Using Shapes

Preamble

The shapes library is written to not only provide all of the tools needed in order to generate basic and complex shapes, but also to be used in any java application. That means that the shapes library is mostly independent from any Minecraft code (except for a couple methods that convert types), and could easily be used for application in any voxel based purpose.

That being said, this makes the shapes library not as simple as just calling a method and passing it a world and a position to generate a shape; however, with a little explanation for what each piece of the shapes library does, I'm sure you'll see the benefit of how it's structured.

How to use Shapes

In order to generate a shape using the shapes library the first thing you have to do is simply call a method in the Shapes class. The shapes class contains various primitive shapes for you to choose from, but if you don't see a shape that you like you can also write your own Shape (see Custom Shapes).

For the purposes of this example we'll be using the method Shapes.ellipse to illustrate all of the features of the shapes library.

Calling one of the methods in the Shapes class will generate a Shape object which contains the following three things

1. A mathematical formula that determines whether or not a given position in space is inside the shape or not (In the form of a Predicate)
2. A position representing the maximum point in the shapes bounding box
3. A position representing the minimum point in the shapes bounding box

In this case the ellipse method specifically takes two double values representing and magnitude of the semi-major and the semi-minor axes of the ellipse respectively. Pass whatever values you like, I'll be using 5 and 5 to make it a circle.

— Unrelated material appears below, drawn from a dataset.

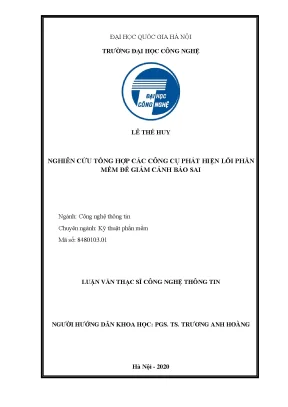 Tiểu luận nghiên cứu tổng hợp các công cụ phát hiện lỗi phần mềm để giảm cảnh báo sai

At this point to fill the shape in with blocks simply call the Shape.fill method and provide a Filler object. The default filler object for Minecraft is the SimpleFiller class which takes a world and a block state in order to fill the blocks. To make a SimpleFiller you can either use the constructor or the of method and pass the two parameters.

So, to recap this is the code that we've written so far

Shapes.ellipse(5, 5).fill(SimpleFiller.of(world, Blocks.DIRT.getDefaultState()));

Now, if you were to go and test this code in game you'll probably be very frustrated because it would appear that nothing is happening. Well in fact, something is happening it's just probably not what you want to be happening.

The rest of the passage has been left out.